The First Vision (also called the grove experience) refers to a vision that Joseph Smith, Jr. said he received in April 1820, in a wooded area in Manchester, New York, which his followers call the Sacred Grove. Smith described it as a personal theophany in which he received a forgiveness of sins. Smith's followers believe the vision reinforces his authority as the founder and prophet of the Latter Day Saint movement. According to an account Smith told in 1838, he went to the woods to pray about which church to join but fell into the grip of an evil power that nearly overtook him. At the last moment, he was rescued by two shining "personages" (presumably Jesus and God the Father) who hovered above him. One of the beings told Smith not to join any existing churches because all taught incorrect doctrines.
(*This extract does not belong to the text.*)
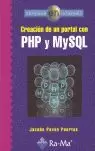 CREACION DE UN PORTAL CON PHP Y MYSQL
Smith wrote several accounts of the vision beginning in 1832, but none of the accounts was published until the 1840s. Though Smith had described other visions, the First Vision was essentially unknown to early Latter Day Saints; Smith's experience did not become important in the Latter Day Saint movement until the early-20th century, when it became the embodiment of the Latter Day Saint restoration. The vision also replaced polygamy as one of the defining elements of Mormonism and corroborated distinctive Mormon doctrines such as the bodily nature of God the Father and the uniqueness of Mormonism as the only true path to salvation.
Critics hold varying opinions about the true nature of the First Vision, believing it to be a dream, a hallucination, a self-deception, an intentional fabrication, or some combination of these.